Ils s’appellent Dariusz, Grezgorz, Pavel, Zygmunt ou Karol. Vendredi dernier, le 5 mai 2017, la 5e chambre du tribunal de grande instance de Lyon (TGI) s’est penchée sur le sort de 24 ouvriers polonais embauchés en travail détaché. Seul média présent, Mediacités a suivi cette audience édifiante à plus d'un titre sur la réalité des salariés "détachés"... En 2015, ces hommes ont posé parquets, linos et moquettes pour la société lyonnaise Tapis François Entreprise. Cette très petite entreprise qui, cette année-là, a réalisé un chiffre d’affaires d’un peu plus de 5 millions d’euros, présente des références aussi prestigieuses que les tours Oxygène et Incity, et emploie une dizaine de salariés.
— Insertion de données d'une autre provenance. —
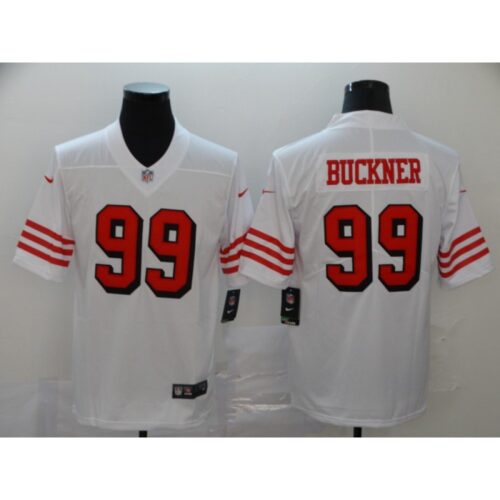6861a709dedfb_1 Men's San Francisco 49ers #99 DeForest Buckner White Color Rush Limited Stitched NFL Jersey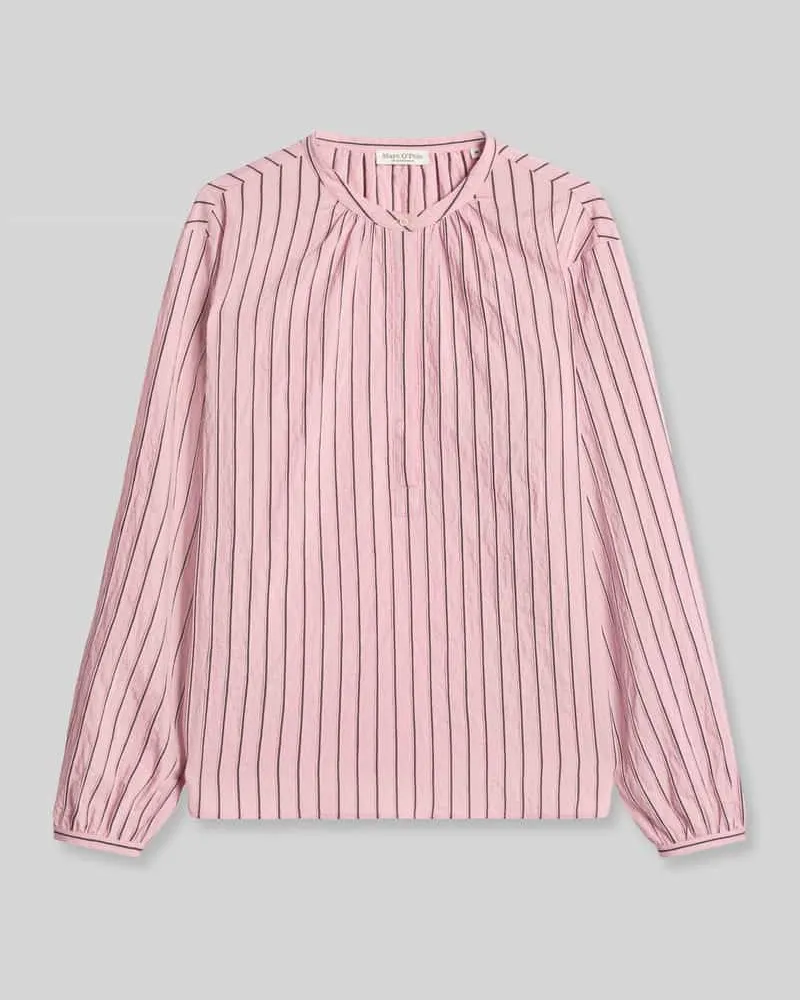 Marc O'Polo Regular Fit Langarmbluse aus Modal-Mix Rosa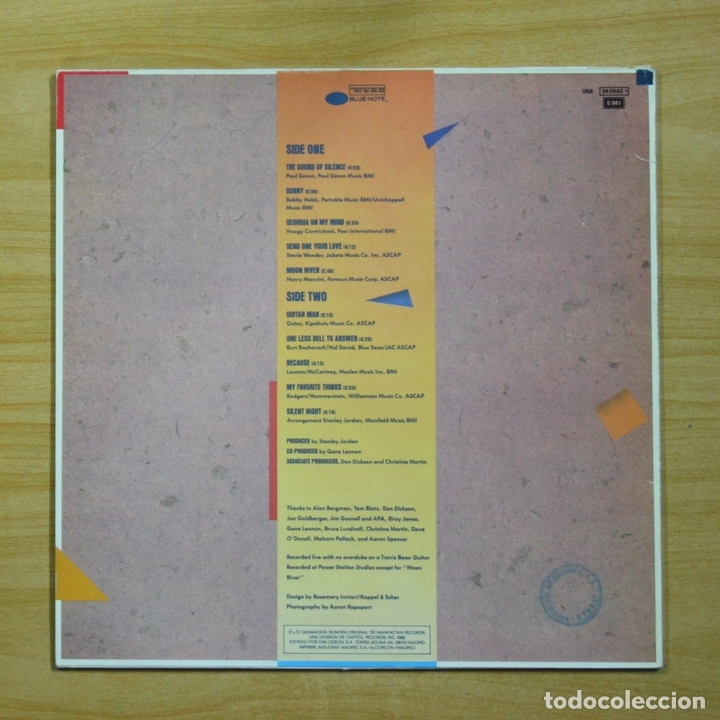 Discos de vinilo: STANLEY JORDAN - STANDARDS VOLUME 1 - LP - Foto 2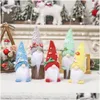 Weihnachtsdekorationen Cartoon Candy Doll Gesichtslose Puppen Tischdekoration Requisiten Drop Lieferung Hausgarten Festliche Party Supplies Dhfck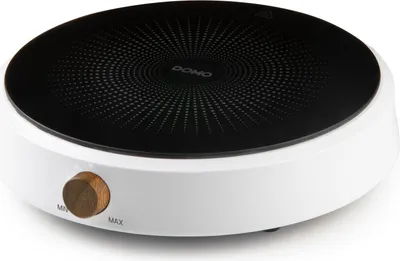 Zdjęcie produktu dla Domo DO30112IP, Czarny, Biały, Blat, 28 cm, Płyta indukcyjna bezstrefowa, 1 stref(y), 1 stref(y)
Mais Dariusz, Grezgorz et les autres ne faisaient pas partie de cet effectif car ces ouvriers étaient intérimaires, employés par la société polonaise PQG Services. Celle-ci les « détachait » pour travailler en France. Et tout cela aurait pu se révéler parfaitement légal et conforme à la directive européenne de 1996. Oui, mais…
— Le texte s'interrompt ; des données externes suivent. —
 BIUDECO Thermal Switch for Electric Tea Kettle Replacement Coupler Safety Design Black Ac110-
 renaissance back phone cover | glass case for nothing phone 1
Jusqu’à 16 heures de travail par jour

PQG Services et Tapis François Entreprise ont omis un détail : en travaillant sur le sol français, les Polonais étaient soumis au droit du travail français. Or, « du 5 janvier au 25 septembre 2015, les salariés ont dépassé la durée maximale hebdomadaire absolue du travail de 48 heures à 132 reprises, annonce la présidente de la 5e chambre du TGI. Et à neuf reprises, la durée dérogatoire (…) en cas de . . .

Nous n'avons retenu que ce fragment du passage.